Final Note: This is experimental software, it has been tested in limited environments and may not do everything we expect. Use it, experiment with it, and feel free to change it. If you break the software you can always download it again from the source and experiment more.

### Display live camera feed

To start, we'll initialize and display the feed from our camera.
Important part here is that we size the image to fit what our neural network.
For certain tasks it may be better to collect larger images then downscale later.

In [None]:
# First we'll import some tools to help us get the camera started and to make this note book interactive
import traitlets
import ipywidgets.widgets as widgets
from ipywidgets import interact, interactive, fixed, interact_manual
from IPython.display import Image, display
from jetbot import Camera, bgr8_to_jpeg

camera = Camera.instance(width=224, height=224)

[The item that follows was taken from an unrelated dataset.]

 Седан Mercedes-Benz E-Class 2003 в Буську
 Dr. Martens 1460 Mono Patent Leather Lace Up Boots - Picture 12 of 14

image = widgets.Image(format='jpeg', width=224, height=224)  # this width and height doesn't necessarily have to match the camera

camera_link = traitlets.dlink((camera, 'value'), (image, 'value'), transform=bgr8_to_jpeg)

display(image)

Next we want to label the data we'll be collecting:
use the text box to create a label.

In [None]:
import os  # This library allows us to explore and modify the file structure on the Nano
# Creating a function to add a folder to our directory
def folder_function(label):
    # Using the "try/except" statement here because the makedirs function can throw an error if the directory exists already
    try:
        os.makedirs('data/'+label)
    except:
        print('Directory no created because it already exists')
    print("Creating data folder: data/"+label)            
    
# Creating the interactive text box widget
# Creating the interactive text box widget
interactiveTextBox = interactive(folder_function,{'manual': True}, label = widgets.Text(value='structured_string',placeholder = 'structured_string',description='Enter Label:'));
interactiveTextBox # calling the interactive element

If you refresh the Jupyter file browser on the left, you should now see a new directory with your label.  

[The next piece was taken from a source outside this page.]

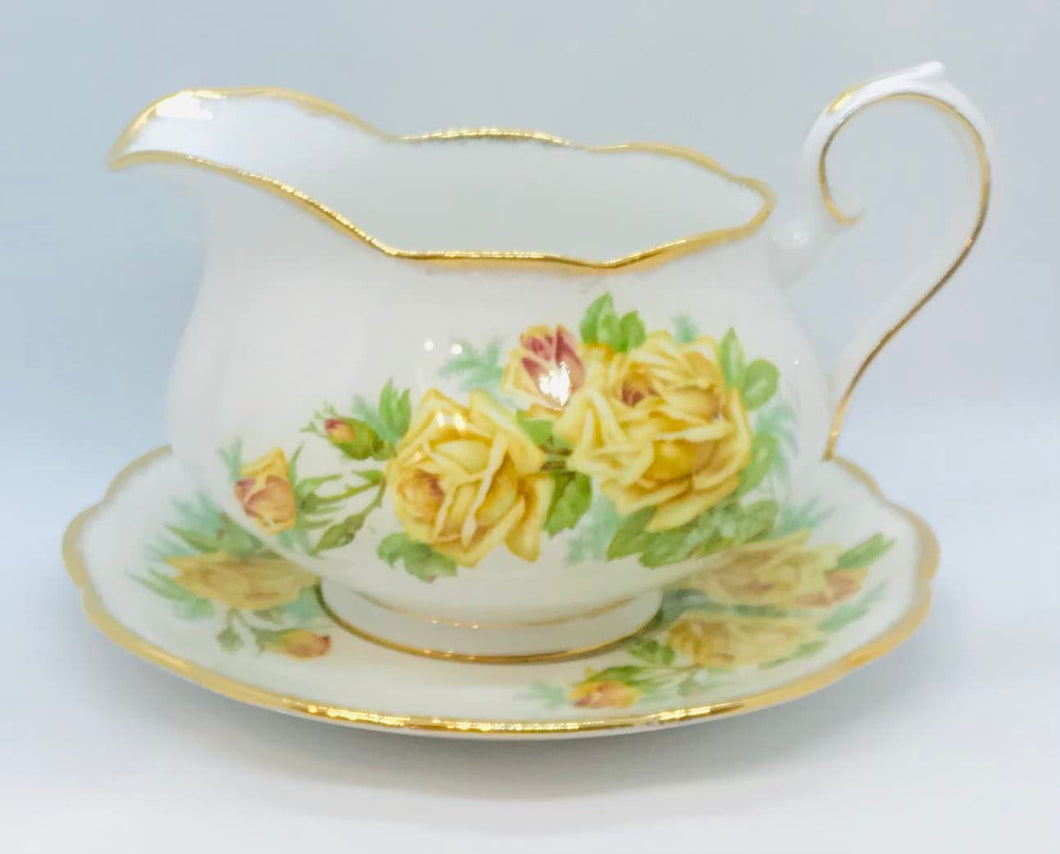 Pretty in Pink-Royal Albert Large Tea Rose Gravy Boat and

Now we have a folder with our label, we're nearly ready to start saving images inside our folder.
It is important to understand that the name of the image file is not important for our training purposes, only the folder name is important.
This means that the images can have names like img1.jpg, tm223.jpg, cat.jpg, ect. But if they are all in a folder titled, "dog" then they will be interpreted as dogs.

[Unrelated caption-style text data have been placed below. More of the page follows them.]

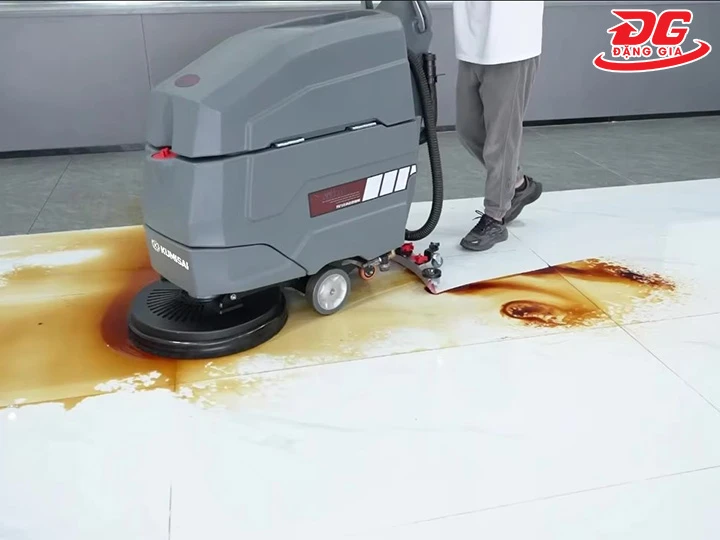 Máy chà sàn Kumisai KMS-X4 làm sạch nhanh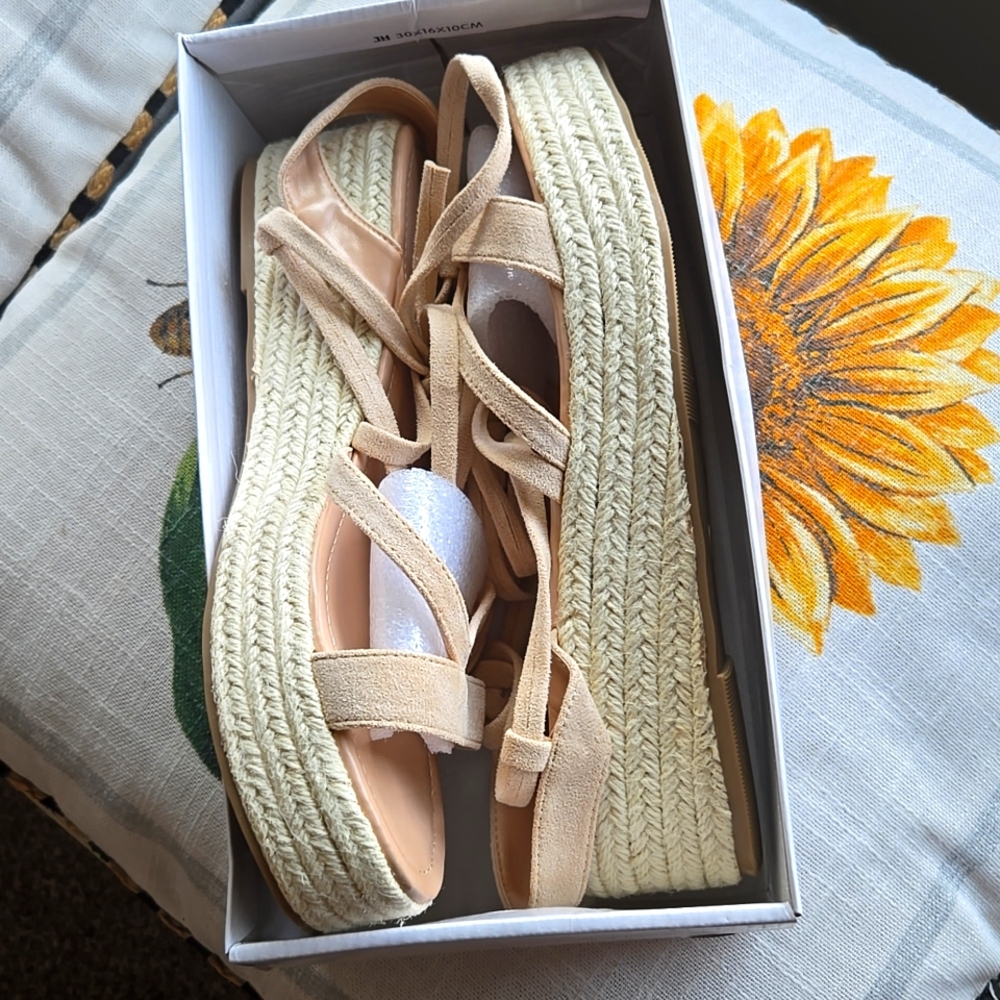 Womens Tan Cream Strap Leg Wedge Sandals.     ⭐️✨️NEW ⭐️✨️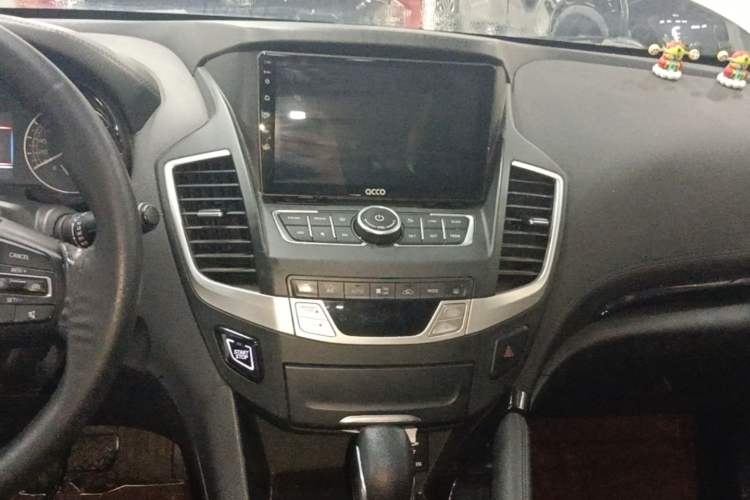 Used Dongfeng Fengdu MX5 2016 2.0L Automatic Flagship Edition Audio And AC Panel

Since we don't want to manually name each image we collect, we'll use the ``uuid`` package in python, which defines the ``uuid1`` method to generate
a unique identifier.  This unique identifier is generated from information like the current time and the machine address.


In [None]:
from uuid import uuid1

# the save snapshot function will collect an image and save it to file
# This is a callback function, it is executed when we press a button to collect images
def save_snapshot(directory):
    global image_count
    image_path = os.path.join(directory, str(uuid1()) + '.jpg')
    with open(image_path, 'wb') as f:
        f.write(image.value)
        image_count.value = len(os.listdir(directory))

In [None]:
# Constructing the interative textbox for the number of photos and the button to collect images

label = interactiveTextBox.children[0].value # take the label text from the interactive text box module
directory = 'data/' + label
button_layout = widgets.Layout(width='128px', height='64px')
collect_button = widgets.Button(description='Collect Image', button_style='success', layout=button_layout)
image_count = widgets.IntText(layout=button_layout, value=len(os.listdir(directory)))
    
# attach the callbacks, we use a 'lambda' function to ignore the
# parameter that the on_click event would provide to our function
# because we don't need it.
collect_button.on_click(lambda x: save_snapshot(directory))
display(image)
display(widgets.HBox([image_count, collect_button]))

Great! Now that we have an interface for collecting data we can go out and start collecting high quality images.

Collect images of things that are the same class. Cups, shoes, books, backpacks.
Vary the position and orientation of the object, the lighting, the ground surface.
Try to have limited other things in the background, walls are fine, but you don't want to have other class objects.
This means no banana for scale. Just the object we're interested in.

Here are some tips for labeling data

1. Try different orientations
2. Try different lighting
3. Try varied object / collision types; walls, ledges, objects
4. Try different textured floors / objects;  patterned, smooth, glass, etc.

Ultimately, the more data we have of scenarios the robot will encounter in the real world, the better our object classification and navigation (collision avoidance) performance  will be.  It's important
to get *varied* data (as described by the above tips) and not just a lot of data, but you'll probably need at least 100 images of each class (that's not a science, just a helpful tip here).  But don't worry, it goes pretty fast once you get going :)


## Next

Once you've collected lots of images of each class, go back up to the top of the notebook and start again with a new class.